在 2023/9/12 15:01, Chuyi Zhou 写道:
css_iter and process_iter should be used in rcu section. Specifically, in
sleepable progs explicit bpf_rcu_read_lock() is needed before use these
iters. In normal bpf progs that have implicit rcu_read_lock(), it's OK to
use them directly.
This patch checks whether we are in rcu cs before we want to invoke
bpf_iter_process_new and bpf_iter_css_{pre, post}_new in
mark_stack_slots_iter(). If the rcu protection is guaranteed, we would
let st->type = PTR_TO_STACK | MEM_RCU. is_iter_reg_valid_init() will
reject if reg->type is UNTRUSTED.
I use the following BPF Prog to test this patch:
SEC("?fentry.s/" SYS_PREFIX "sys_getpgid")
int iter_task_for_each_sleep(void *ctx)
{
struct task_struct *task;
struct task_struct *cur_task = bpf_get_current_task_btf();
if (cur_task->pid != target_pid)
return 0;
bpf_rcu_read_lock();
bpf_for_each(process, task) {
bpf_rcu_read_unlock();
if (task->pid == target_pid)
process_cnt += 1;
bpf_rcu_read_lock();
}
bpf_rcu_read_unlock();
return 0;
}
Unfortunately, we can pass the verifier.
Then I add some printk-messages before setting/clearing state to help debug:
diff --git a/kernel/bpf/verifier.c b/kernel/bpf/verifier.c
index d151e6b43a5f..35f3fa9471a9 100644
--- a/kernel/bpf/verifier.c
+++ b/kernel/bpf/verifier.c
@@ -1200,7 +1200,7 @@ static int mark_stack_slots_iter(struct
bpf_verifier_env *env,
__mark_reg_known_zero(st);
st->type = PTR_TO_STACK; /* we don't have dedicated reg
type */
if (is_iter_need_rcu(meta)) {
+ printk("mark reg_addr : %px", st);
if (in_rcu_cs(env))
st->type |= MEM_RCU;
else
@@ -11472,8 +11472,8 @@ static int check_kfunc_call(struct
bpf_verifier_env *env, struct bpf_insn *insn,
return -EINVAL;
} else if (rcu_unlock) {
bpf_for_each_reg_in_vstate(env->cur_state,
state, reg, ({
+ printk("clear reg_addr : %px MEM_RCU :
%d PTR_UNTRUSTED : %d\n ", reg, reg->type & MEM_RCU, reg->type &
PTR_UNTRUSTED);
if (reg->type & MEM_RCU) {
- printk("clear reg addr : %lld",
reg);
reg->type &= ~(MEM_RCU |
PTR_MAYBE_NULL);
reg->type |= PTR_UNTRUSTED;
}
The demsg log:
[ 393.705324] mark reg_addr : ffff88814e40e200
[ 393.706883] clear reg_addr : ffff88814d5f8000 MEM_RCU : 0
PTR_UNTRUSTED : 0
[ 393.707353] clear reg_addr : ffff88814d5f8078 MEM_RCU : 0
PTR_UNTRUSTED : 0
[ 393.708099] clear reg_addr : ffff88814d5f80f0 MEM_RCU : 0
PTR_UNTRUSTED : 0
....
....
I didn't see ffff88814e40e200 is cleared as expected because
bpf_for_each_reg_in_vstate didn't find it.

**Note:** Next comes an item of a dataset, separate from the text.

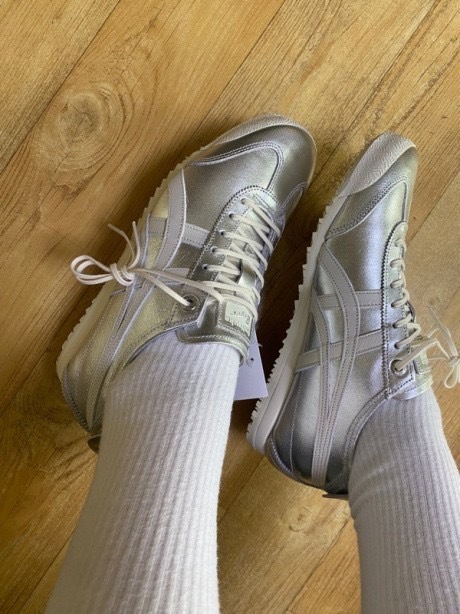 国内配送★Onitsuka Tiger★MEXICO 66 SD シルバー 残りわずか Luxury】日本代購Onitsuka Tiger 鬼塚虎-白銀MEXICO66 SD 金屬銀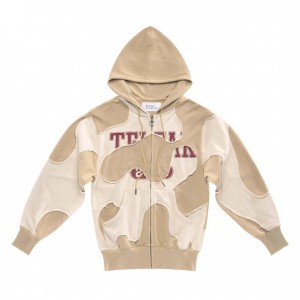 Sweat a Capuche Telfar Camo Kaki | FRSO3213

It seems when we are doing bpf_read_unlock() in the middle of iteration
and want to clearing state through bpf_for_each_reg_in_vstate, we can
not find the previous reg which we marked MEM_RCU/PTR_UNTRUSTED in
mark_stack_slots_iter().
I thought maybe the correct answer here is operating the *iter_reg*
parameter in mark_stack_slots_iter() direcly so we can find it in
bpf_for_each_reg_in_vstate.
diff --git a/kernel/bpf/verifier.c b/kernel/bpf/verifier.c
index 6a6827ba7a18..53330ddf2b3c 100644
--- a/kernel/bpf/verifier.c
+++ b/kernel/bpf/verifier.c
@@ -1218,6 +1218,12 @@ static int mark_stack_slots_iter(struct
bpf_verifier_env *env,
mark_stack_slot_scratched(env, spi - i);
}
+ if (is_iter_need_rcu(meta)) {
+ if (in_rcu_cs(env))
+ reg->type |= MEM_RCU;
+ else
+ reg->type |= PTR_UNTRUSTED;
+ }
return 0;
}
@@ -1307,7 +1315,8 @@ static bool is_iter_reg_valid_init(struct
bpf_verifier_env *env, struct bpf_reg_
if (slot->slot_type[j] != STACK_ITER)
Kumarreturn false;
}
-
+ if (reg->type & PTR_UNTRUSTED)
+ return false;
return true;
}
However, it did not work either. The reason it didn't work is the state
of iter_reg will be cleared implicitly before the
is_iter_reg_valid_init() even we don't call bpf_rcu_unlock.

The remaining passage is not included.